From his Old Testament beard down to his scuffed boots and battered Bible, Alan Farley looks the perfect picture of a Civil War chaplain.
On a dusty field five miles from where the Battle of Gettysburg was fought 147 years ago, Farley acts the part as well, thundering sermons from his home-made pulpit, praying with bedraggled soldiers, and handing out tracts with titles like “Everlasting Punishment.”
The thousands of soldiers and spectators at the Gettysburg Civil War Battle Re-enactment in mid-July could be forgiven for swallowing the chaplain’s performance — the tracts look aged, the religion old time.
But it is no act, says Farley, it is a divine calling.
For 26 years, Farley has driven thousands of miles, distributed millions of pages of tracts, and delivered hundreds of sermons — all for one mission: bringing Civil War re-enactors to Jesus.
“No one was reaching them,” said the 59-year-old Virginian. “They are gone every weekend and most wouldn’t darken the door of a church, ordinarily. But they need to get saved.”
Farley’s Re-enactor’s Missions for Jesus Christ combines modern means with 1860s-style evangelism to reach the estimated 50,000 Civil War enthusiasts who live to relive famous battles like Bull Run, Antietam and Shiloh year after year.
Pitching a cross-steepled tent beside the battlefields, Farley and a handful of volunteers in period dress pray with re-enactors, promote a Civil War chaplains’ museum in Lynchburg, VA, and preach as often as event organizers will allow. Farley estimates that 1,800 re-enactors have been led to Christianity through his ministry.
One day, he hopes, he’ll see an evangelical revival like those that blazed through Confederate camps during the Civil War.

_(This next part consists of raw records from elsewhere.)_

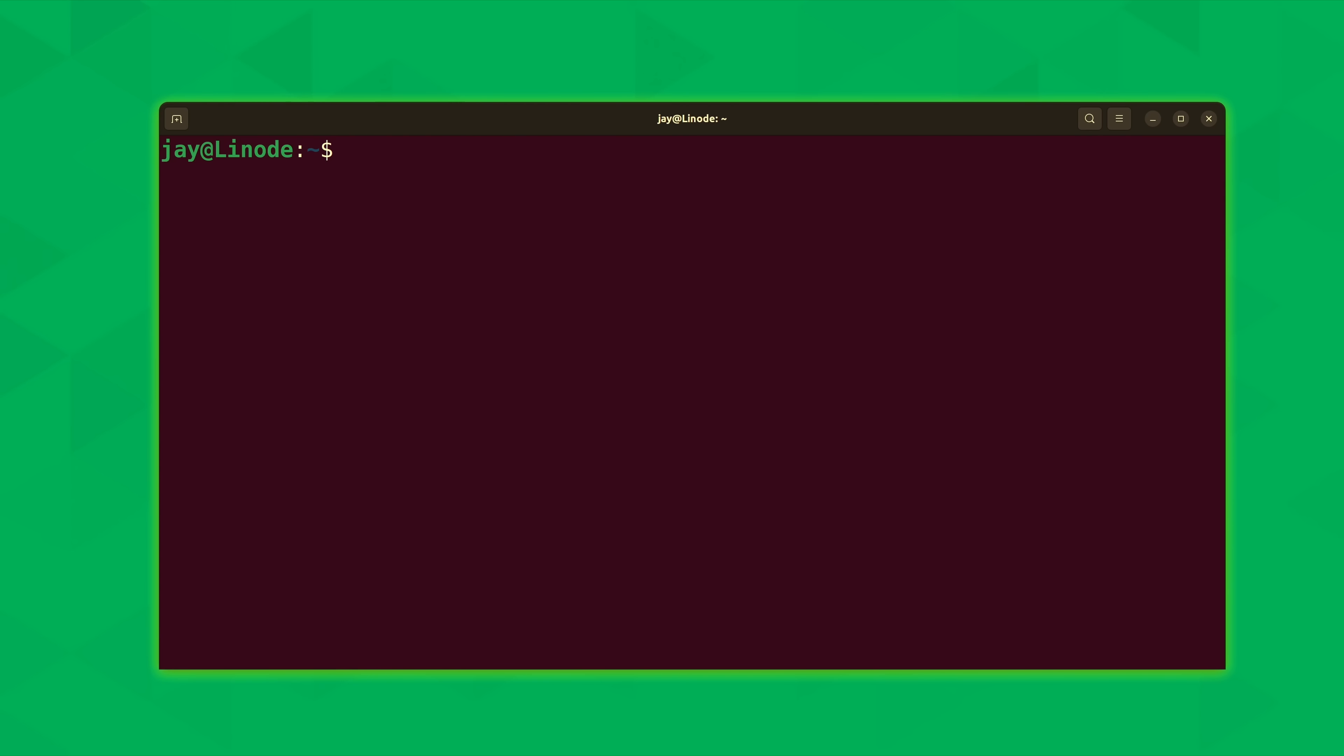So let's check out some examples of curl in action. First of all we need to make sure that we actually have it installed. So for that we could type which and then curl. In my case I do have it installed. If you don't have it installed on your end you could just use your distribution's package manager to get this installed.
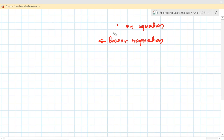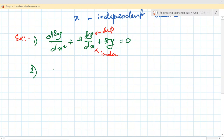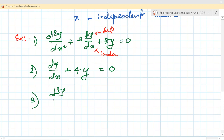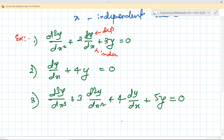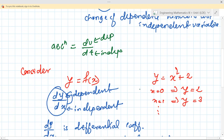So here are examples of differential equations. First: d²y/dx² + 2(dy/dx) + 3y = 0. Second: dy/dx + 4y = 0. Third: d³y/dx³ + 3(d²y/dx²) + 4(dy/dx) + 5y = 0. All three contain differential coefficient, dependent variable, and independent variable, so all are differential equations.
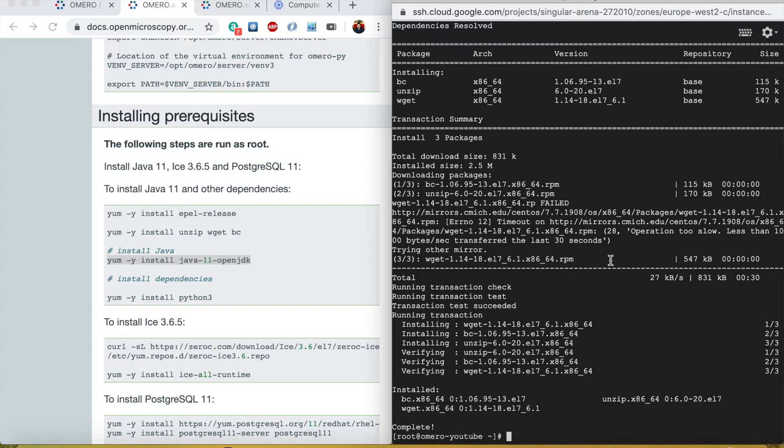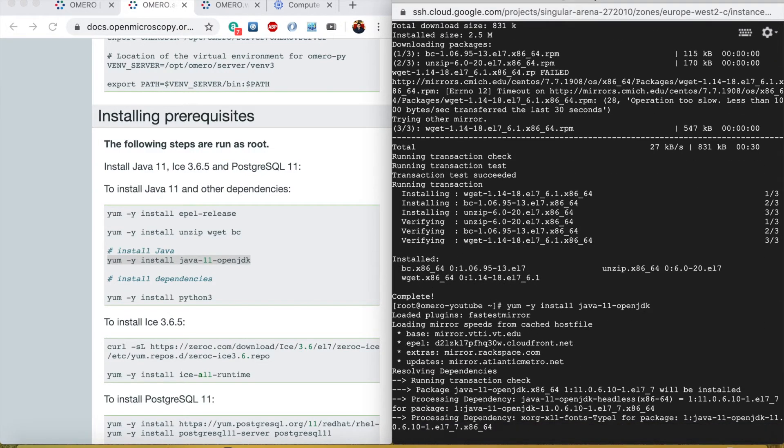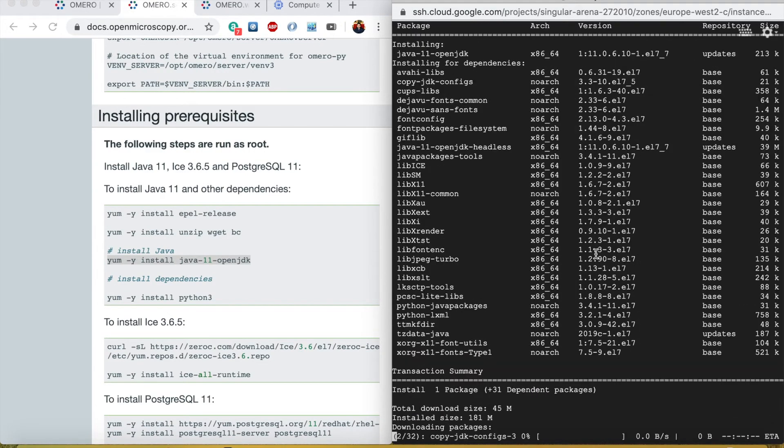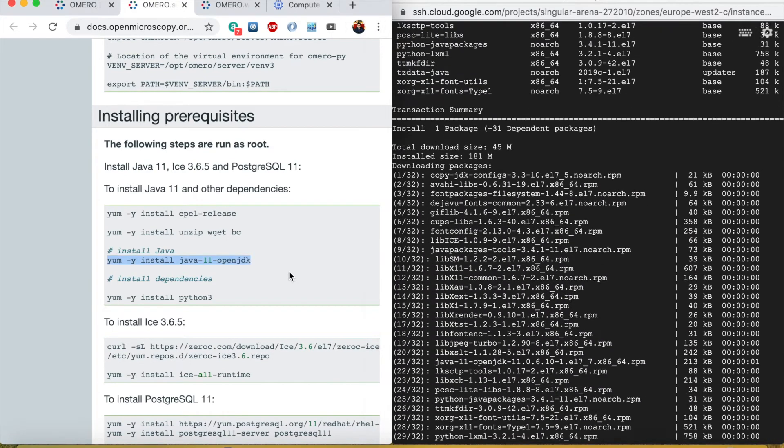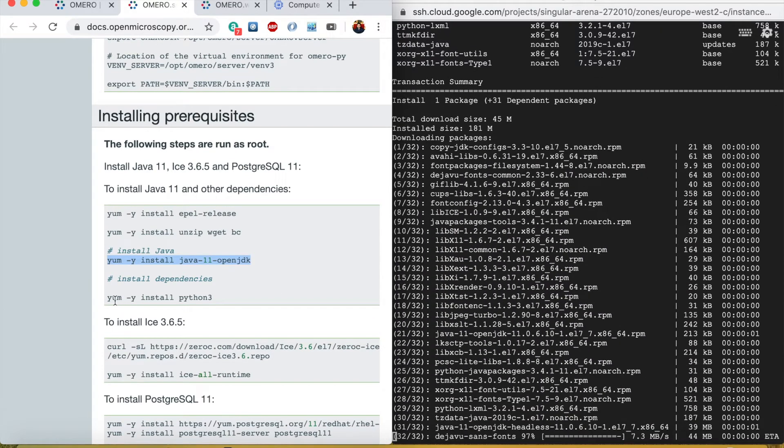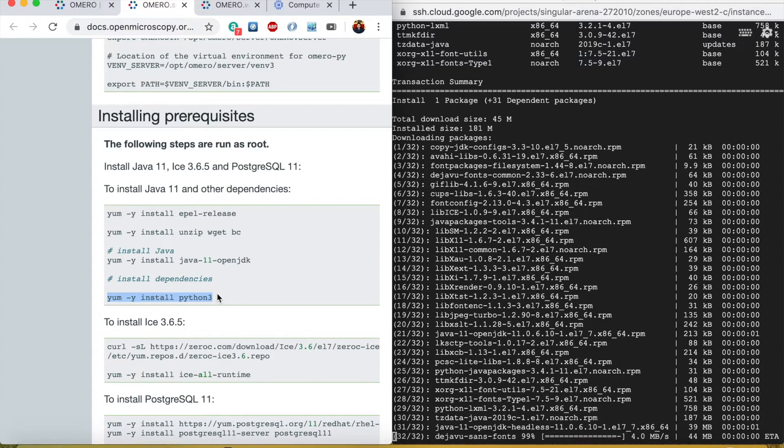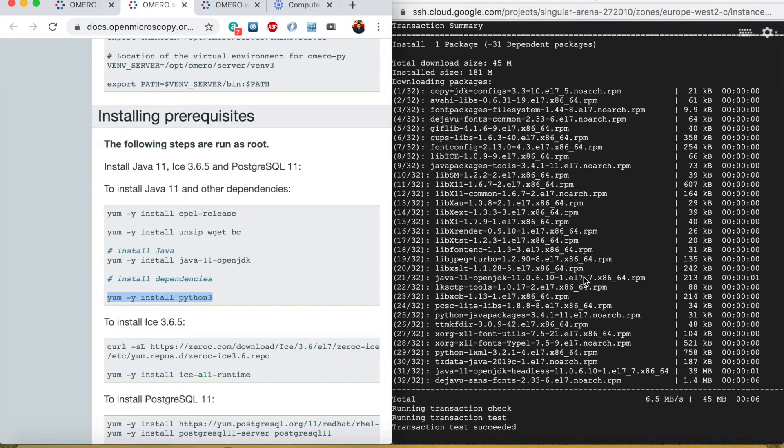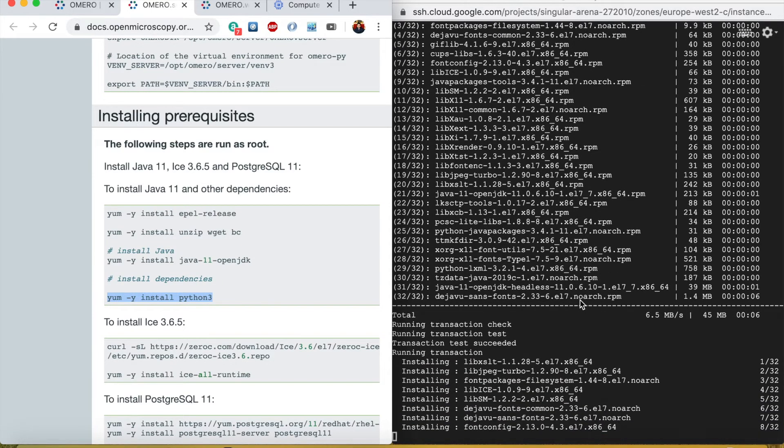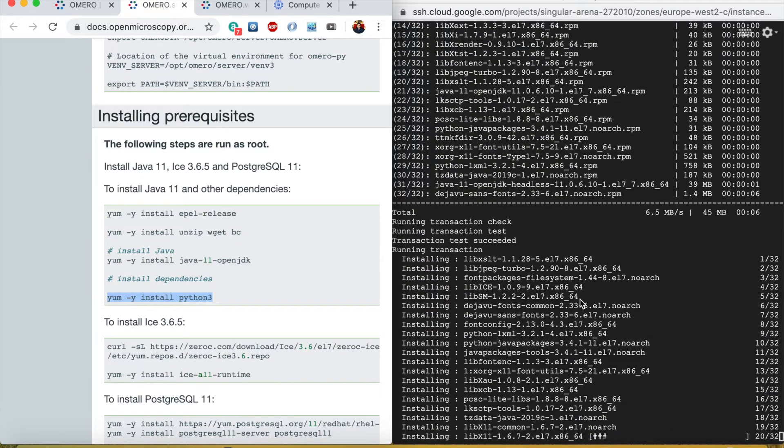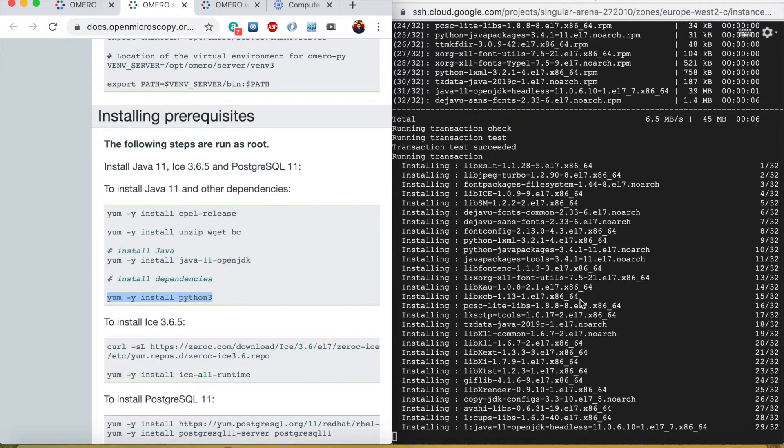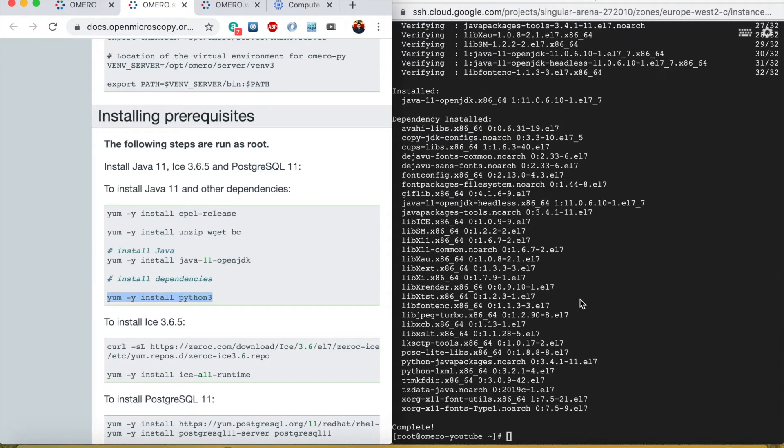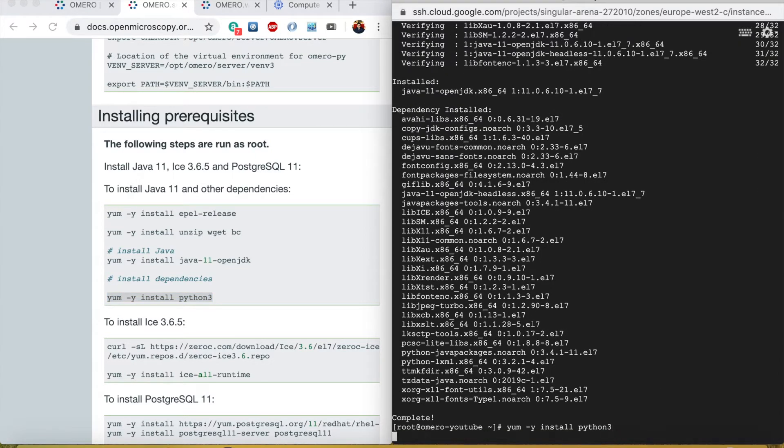When this is done then I will install these other tools: zip, wget, and bc. Now I will install Java 11 OpenJDK and after that I will install Python 3.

In some ways, Farley and his family are typical Christian missionaries, albeit with an unusual mission field. They live in Appomattox, VA, where Robert E. Lee surrendered to Ulysses S. Grant in 1865. But the Farleys spend 40 weeks a year away from home, crisscrossing the country in an RV that carries Alan and his wife, Faith, to scores of Civil War re-enactments and events. Often their 20-something children — both re-enactors — come along.
Fifteen churches support the Farleys through their monthly mission budgets. “Just like missionaries going to Africa, or Ireland, or wherever,” Farley said. Farley was ordained by an independent Baptist church in 1994, at, of course, a Civil War re-enactment.
While many fellow re-enactors adopt a specific historical persona, Farley does not.
“I feel very strongly that if I portrayed somebody, and somebody realized I was not that person, they might think the message or gospel I’m trying to share with them is also phony,” he said.
Re-enactors spend countless hours learning to dress, shoot, and speak like Civil War soldiers. But for all their historical high-mindedness and fastidious attention to period detail, re-enactments can be bawdy affairs, with modern-day enthusiasts assuming the role of dissolute soldiers on the eve of bloody battles. Then as now, drink and gambling are the biggest vices.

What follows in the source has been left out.